Na China, um telescópio oferece dados cósmicos em meio a tensões terrestres

Acima: No final de março, o Radiotelescópio Esférico de Abertura de Quinhentos Metros (FAST) tornou-se aberto a propostas de astrônomos de fora da China pela primeira vez. Visual: Ou Dongqu / Xinhua News Agency via Getty Images

O radiotelescópio esférico de abertura de quinhentos metros do país operará em um clima cientificamente tenso.

NAS MONTANHAS da província chinesa de Guizhou, uma tigela de rocha natural abriga o maior radiotelescópio de prato único do mundo. Este instrumento, chamado FAST – o radiotelescópio esférico de abertura de quinhentos metros – tem, como o nome sugere, 500 metros, ou cerca de 1.640 pés, de diâmetro, um tamanho que ajuda os cientistas a detectar objetos mais distantes e mais fracos. E no final de março, a FAST começou a aceitar propostas científicas de astrônomos internacionais pela primeira vez.

O momento não poderia ter sido melhor.
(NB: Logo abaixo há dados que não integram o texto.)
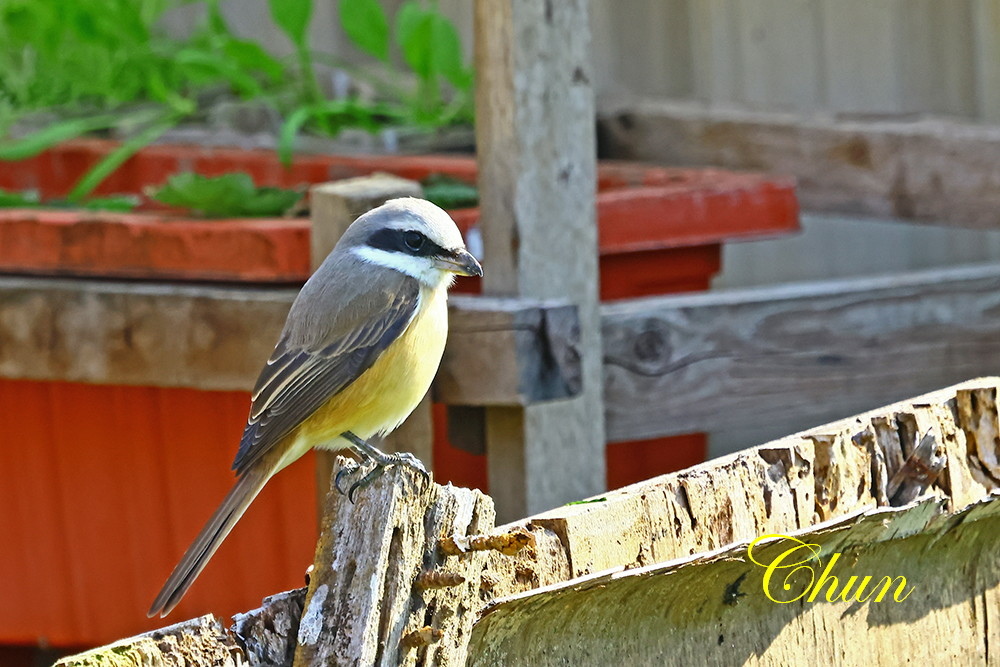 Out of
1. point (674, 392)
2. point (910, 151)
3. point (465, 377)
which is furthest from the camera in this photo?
point (910, 151)

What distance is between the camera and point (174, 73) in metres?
6.13

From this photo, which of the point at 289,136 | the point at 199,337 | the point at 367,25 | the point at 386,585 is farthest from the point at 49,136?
the point at 386,585

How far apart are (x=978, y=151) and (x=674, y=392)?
130 centimetres

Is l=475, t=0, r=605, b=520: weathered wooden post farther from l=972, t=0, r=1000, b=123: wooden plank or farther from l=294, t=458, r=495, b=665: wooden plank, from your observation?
l=972, t=0, r=1000, b=123: wooden plank

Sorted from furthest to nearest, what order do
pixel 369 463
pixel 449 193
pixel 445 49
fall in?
1. pixel 445 49
2. pixel 449 193
3. pixel 369 463

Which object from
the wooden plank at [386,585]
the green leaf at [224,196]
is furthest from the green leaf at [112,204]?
the wooden plank at [386,585]

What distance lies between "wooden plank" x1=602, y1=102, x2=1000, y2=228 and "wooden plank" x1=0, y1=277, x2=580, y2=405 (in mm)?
1625

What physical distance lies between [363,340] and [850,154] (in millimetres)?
2158

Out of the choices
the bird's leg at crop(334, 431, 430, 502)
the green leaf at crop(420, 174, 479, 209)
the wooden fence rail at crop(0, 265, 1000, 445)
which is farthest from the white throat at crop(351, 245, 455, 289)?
the green leaf at crop(420, 174, 479, 209)

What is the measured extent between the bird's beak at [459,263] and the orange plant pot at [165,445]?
0.71 meters

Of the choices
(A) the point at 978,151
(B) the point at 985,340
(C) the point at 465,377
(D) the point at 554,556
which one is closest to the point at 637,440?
(C) the point at 465,377

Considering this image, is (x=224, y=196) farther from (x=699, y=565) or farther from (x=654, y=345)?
(x=699, y=565)

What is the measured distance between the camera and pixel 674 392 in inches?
152

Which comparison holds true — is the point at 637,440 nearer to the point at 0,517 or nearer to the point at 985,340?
the point at 985,340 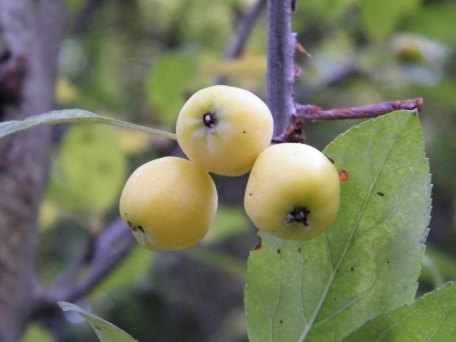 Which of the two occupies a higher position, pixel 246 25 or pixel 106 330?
pixel 246 25

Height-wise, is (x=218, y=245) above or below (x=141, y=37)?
below

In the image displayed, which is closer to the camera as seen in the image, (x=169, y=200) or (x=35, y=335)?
(x=169, y=200)

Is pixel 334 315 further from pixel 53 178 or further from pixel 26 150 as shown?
pixel 53 178

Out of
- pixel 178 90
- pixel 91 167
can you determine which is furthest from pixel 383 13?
pixel 91 167

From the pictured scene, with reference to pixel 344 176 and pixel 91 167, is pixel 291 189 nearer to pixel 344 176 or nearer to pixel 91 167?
pixel 344 176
Em agosto de 2020, um cabo de suporte no próximo maior telescópio desse tipo – parte do Observatório de Arecibo em Porto Rico, o único telescópio de sua classe nos Estados Unidos – se partiu. Outro telegrama veio alguns meses depois. Então, em dezembro, com uma nuvem de poeira, a enorme plataforma de instrumentos que antes ficava suspensa acima do telescópio desabou, destruindo o prato de 305 metros.

Antes que a antena de 305 metros fosse danificada além do reparo, o Observatório de Arecibo abrigava o segundo maior radiotelescópio de antena única. Visual: Christopher Brown / Flickr

Esse desaparecimento deixou astrônomos como James Cordes, da Cornell University, confusos. Cordes estuda objetos estranhos chamados pulsares, núcleos giratórios que permanecem quando estrelas gigantes explodem no final de suas vidas. As sobras, se orientadas da maneira correta, emitem ondas de rádio para a Terra, como faróis muito distantes. Com Arecibo fora da mesa, Cordes – e muitos outros astrônomos que usaram Arecibo para estudar a evolução das estrelas e descobrir galáxias distantes – ficaram com uma opção a menos, e nenhuma opção tão sensível, para fazer seu trabalho.

Até, isto é, o FAST abriu para eles, pela primeira vez desde que sua construção terminou em 2016. Após essa conclusão inicial, cientistas e engenheiros passaram anos comissionando-o e trazendo-o para operação científica plena. Eles o consideraram pronto para propostas de possíveis usuários na China no início do ano passado. “O cronograma era muito apertado e era extremamente difícil deixar tudo pronto para ser aberto ao mundo daquela vez”, escreveu Keping Qiu, professor da Escola de Astronomia e Ciências Espaciais da Universidade de Nanjing, por e-mail para Undark. Qiu lidera o comitê que avaliará as novas ideias e acrescentou: “O grupo FAST trabalhou muito no ano passado e agora o telescópio está dando um passo à frente” ao se abrir para o mundo.

Se as ideias dos pesquisadores internacionais forem aprovadas, eles ocuparão aproximadamente 10% do tempo do telescópio, com os 90% restantes indo para cientistas chineses. “Esperamos que o FAST não apenas tome o lugar de Arecibo no apoio aos astrônomos fazendo boa ciência em áreas de pesquisa relevantes”, disse Qiu, “mas também faça descobertas e abra novas janelas para a pesquisa em radioastronomia.”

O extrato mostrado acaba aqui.